Blog Post

Study: Music Industry Addicted to Sex

By Susan Brinkmann, OCDS Staff Journalist

A new study has found that a whopping 92 percent of all of the top songs of 2009 contained sexually suggestive themes.

According to The Atlantic Wire, the music your kids are listening to may not be what you had in mind for good, clean entertainment. A new study by professor Dawn R. Hobbs of the State University of New York at Albany and published in Evolutionary Psychology found an overwhelming amount of sexual themes in today's music.

"Approximately 92% of the 174 songs that made it into the [Billboard] Top 10 in 2009 contained reproductive messages," Hobbs says.

Her study analyzed the messages being broadcast in the top 174 songs and found 18 different sex-related categories present in the lyrics, such as songs referring to sex acts, arousal, genitalia, sexual prowess, etc. She found an average of 10.49 sex-related phrases per song, with music in the R&B genre being the biggest offender.
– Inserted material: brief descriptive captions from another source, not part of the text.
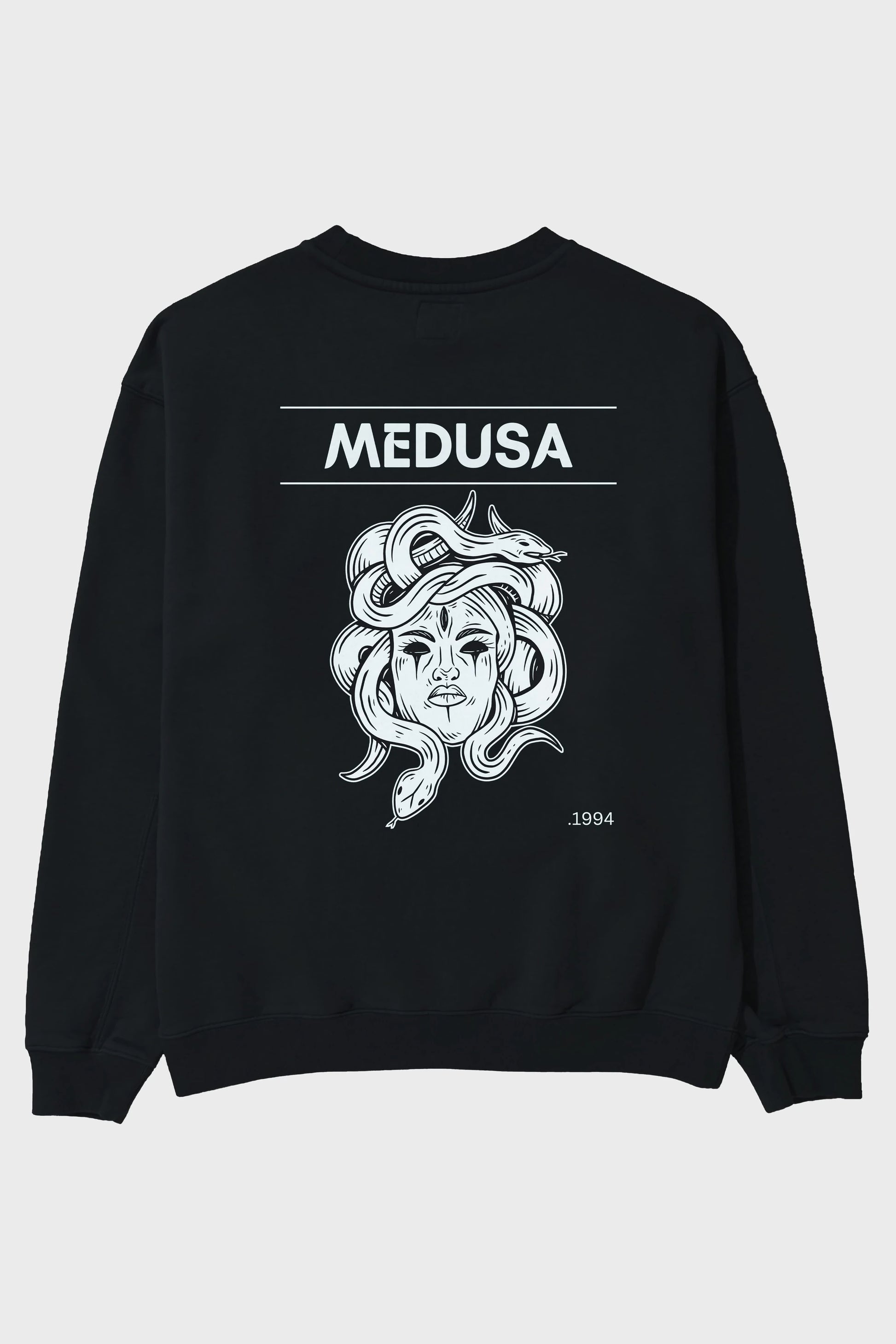 Medusa Arka Baskılı Oversize Sweatshirt Erkek Kadın Unisex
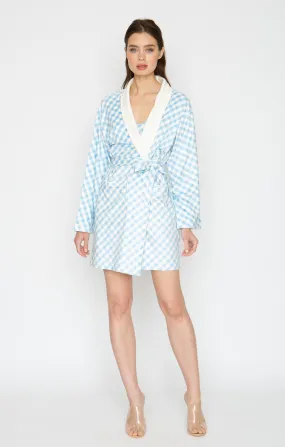 Checkmate Blue Short Robe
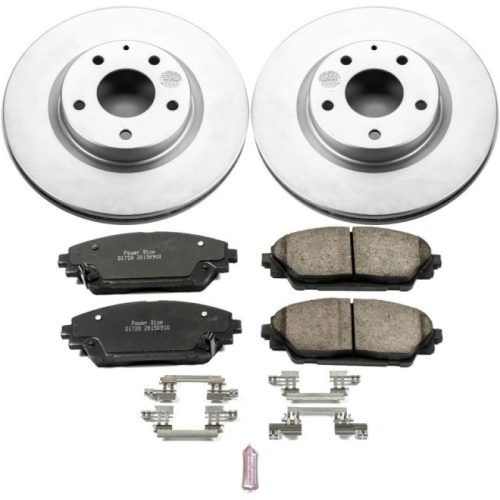 2014-2017 Mazda 3 & CX-3 Front Z17 Evolution Geomet Coated Brake Rotor and Ceramic Pad Assembly - Premium Replacement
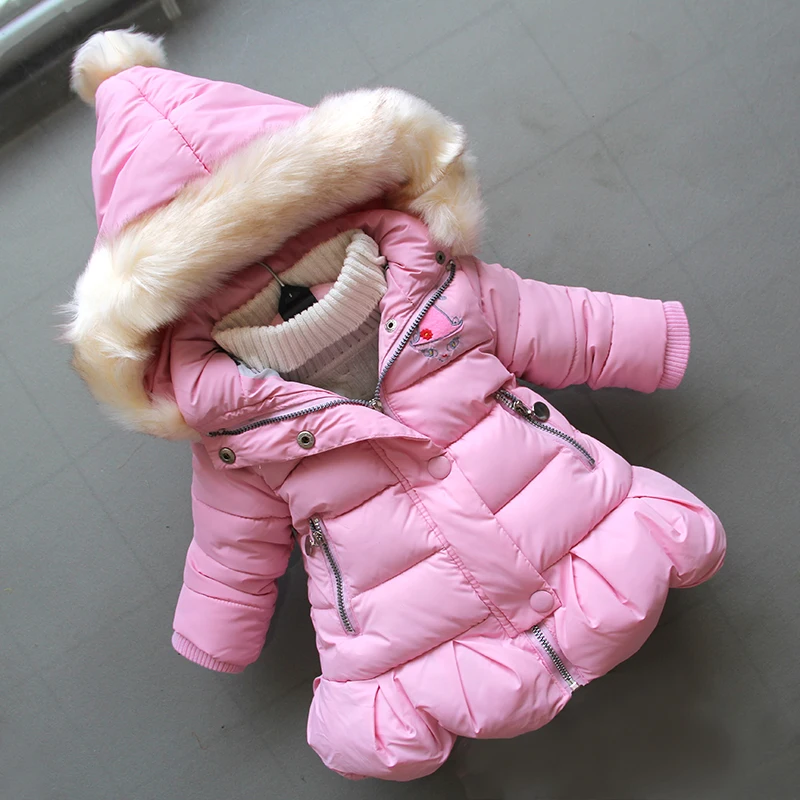 

`BibiCola Girls Winter Jackets Children Down Parka Snow Wear Warm Outerwear Winter Coats New Fashion Girls Thick Hoodies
Sexual appeal was most prominent in pop songs and country music was more likely to contain lyrics pertaining to fidelity and commitment.

Apparently, sex sells just as much music as it does everything else these days. "Further analyses showed that the bestselling songs in all three charts featured significantly more reproductive messages than those that failed to make it into the Top Ten," the report says.

But this trend may not be indicative of new cultural lows. Hobbs claims that the trend to include sexual messages in music has a long history. "While the frequency of some of the themes differ, these findings clearly show that the same reproductive categories derived from the content analysis of our initial sample of 2009 contemporary songs map surprisingly well onto the lyrics from opera and arts songs dating back hundreds of years."